Bible Diary for January 26th – February 1st

January 26th

3rd Sunday in Ordinary Time
Sts. Timothy and Titus

1st Reading: Is 8:23 – 9:3:
Yet, where there was but anguish, darkness will disappear. He has just afflicted the land of Zebulun and the land of Naphtali; but in the future he will confer glory on the way of the sea, on the land beyond the Jordan— the pagans’ Galilee. The people who walked in darkness have seen a great light. A light has dawned on those who live in the land of the shadow of death.

You have enlarged the nation; you have increased their joy. They rejoice before you, as people rejoice at harvest time as they rejoice in dividing the spoil. For the yoke of their burden, the bar across their shoulders, the rod of their oppressors, you have broken it as on the day of Midian.

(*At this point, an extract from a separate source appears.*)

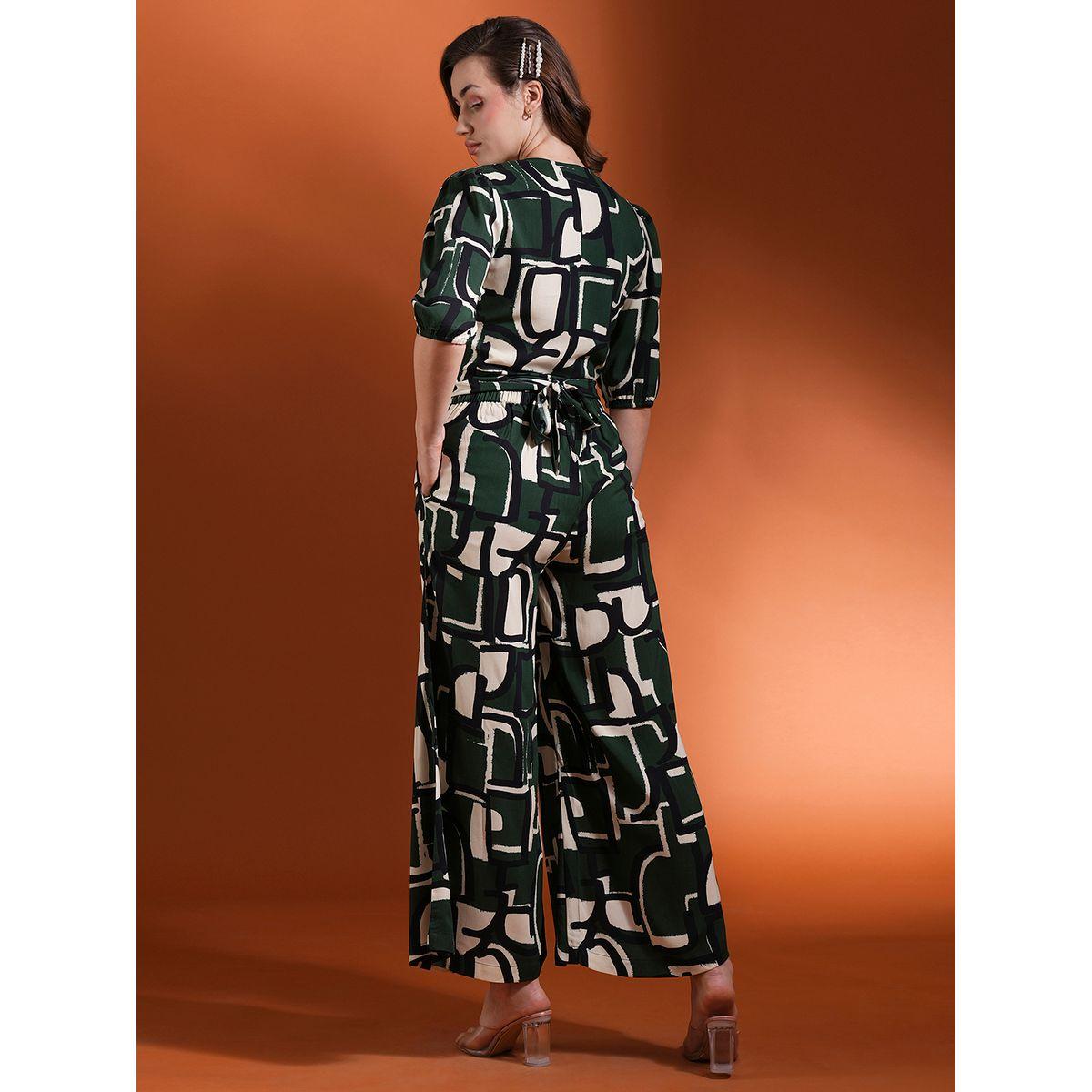Globus X Styli Abstract Print Back Tie-Up Top and Palazzos Co-Ords-women-clothing-coordsets-image-3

2nd Reading: 1 Cor 1:10–13, 17:
I beg of you, brothers, in the name of Christ Jesus, our Lord, to agree among yourselves, and do away with divisions; please be perfectly united, with one mind and one judgment. For I heard from people, of Cloe’s house, about your rivalries. What I mean is this: some say, “I am for Paul,” and others: “I am for Apollos,” or “I am for Peter,” or “I am for Christ.”

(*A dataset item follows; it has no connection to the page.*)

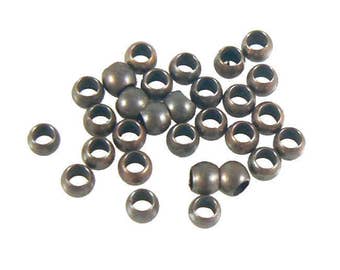 Cuentas de cobre envejecido con engarce: 1,5 mm de diámetro interior, estilo vintage (100 unidades)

Is Christ divided, or have I, Paul, been crucified for you? Have you been baptized in the name of Paul? For Christ did not send me to baptize, but to proclaim his gospel. And not with beautiful words! That would be like getting rid of the cross of Christ.

Gospel: Mt 4:12 – 23:
When Jesus heard that John had been arrested, he withdrew into Galilee. He left Nazareth and went to live in Capernaum, a town by the lake of Galilee, at the border of Zebulun and Naphtali. In this way, the word of the prophet Isaiah was fulfilled: Land of Zebulun and land of Naphtali, crossed by the Road of the Sea; and you, who live beyond the Jordan, Galilee, land of pagans: The people who lived in darkness have seen a great light; on those who live in the land of the shadow of death, a light has shone. From that time on, Jesus began to proclaim his message, “Change your ways: the kingdom of heaven is near.”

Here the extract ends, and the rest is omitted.